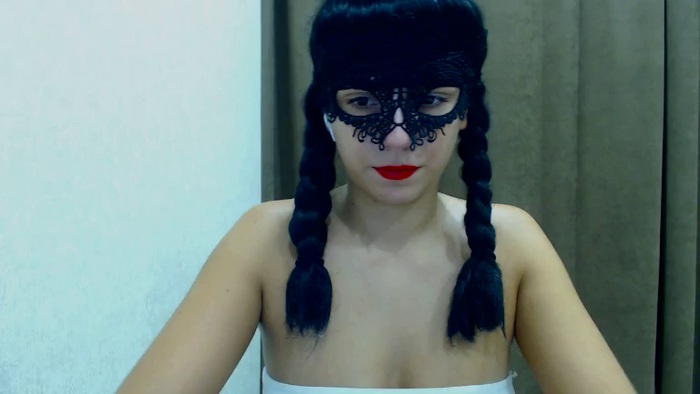 KissMe33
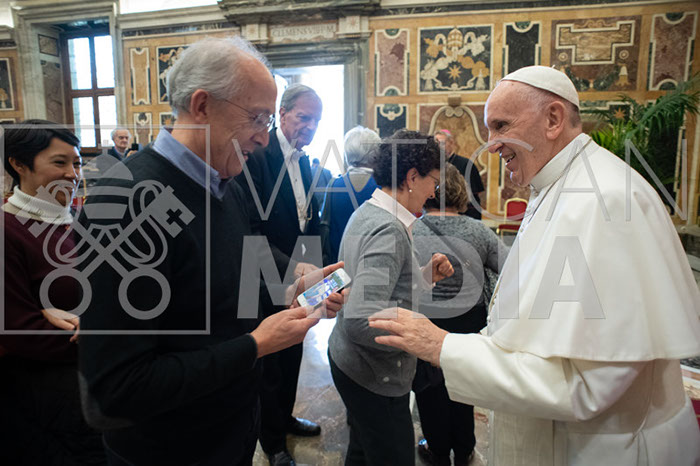 %_tempFileName02862_17112018%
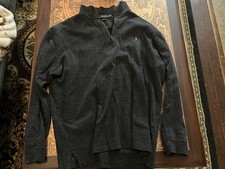 Ralph lauren sweater for sale  Flower Mound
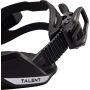 Nitro Talent Snowboardbindung 2027 (Black)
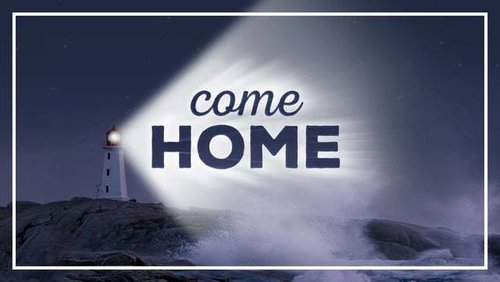 Come-home.jpg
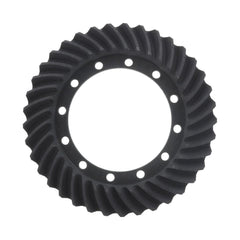GEAR SET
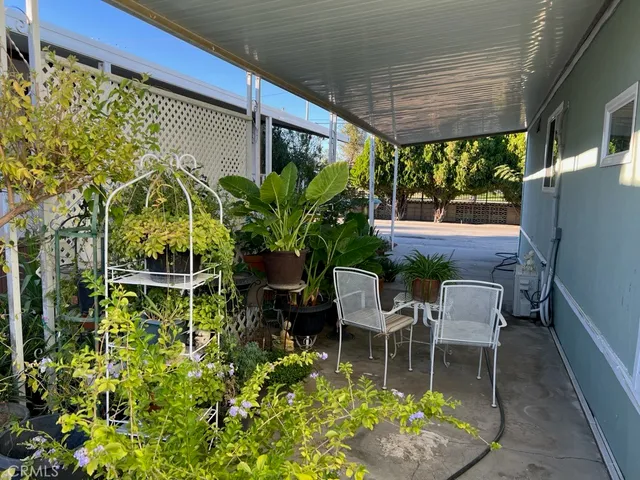 $115,000 | 2550 East Avenue I, Unit 148, Lancaster, CA 93535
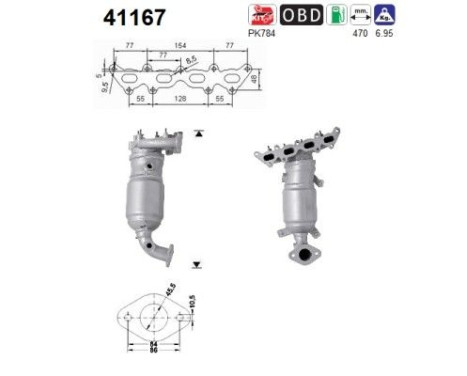 Catalyseur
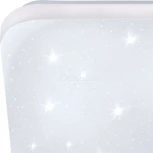 Потолочный светильник Eglo Frania-S 97881 (LED, 220V)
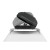 Thule Pulse 2 L 610700 - dwustronne otwieranie pokrywy
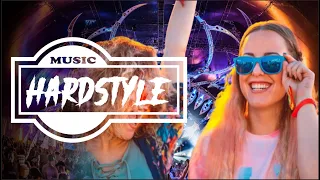 One Republic  Apologize  Hard Style Music Mix 2024 SpecialEuphoric & Melodic Hardstyle Mix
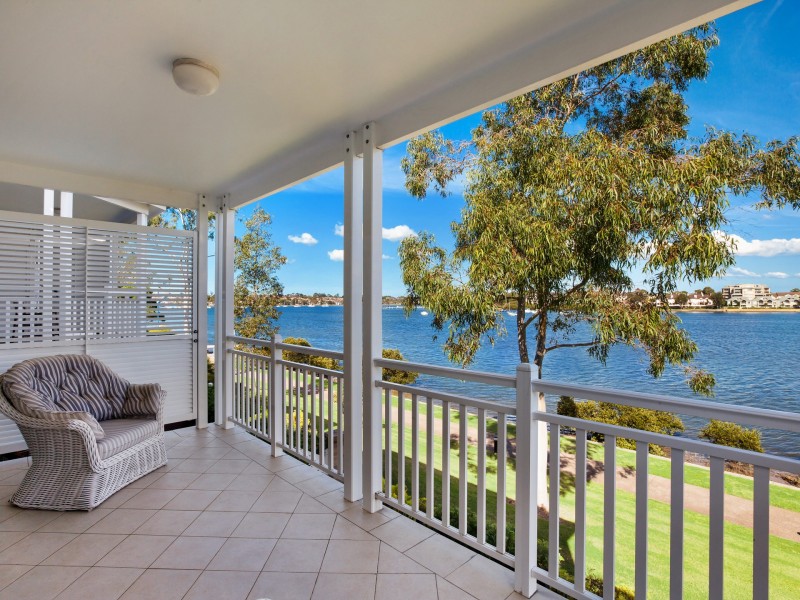 9 Jacaranda Drive, Cabarita NSW 2137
────────
Word for word, set down every line of the records above, and leave the pictures out.

Reply
 KissMe33
 %_tempFileName02862_17112018%
 Ralph lauren sweater for sale  Flower Mound
 Nitro Talent Snowboardbindung 2027 (Black)
 Come-home.jpg
GEAR SET
 $115,000 | 2550 East Avenue I, Unit 148, Lancaster, CA 93535
 Catalyseur
 Потолочный светильник Eglo Frania-S 97881 (LED, 220V)
 Thule Pulse 2 L 610700 - dwustronne otwieranie pokrywy
 One Republic  Apologize  Hard Style Music Mix 2024 SpecialEuphoric & Melodic Hardstyle Mix
 9 Jacaranda Drive, Cabarita NSW 2137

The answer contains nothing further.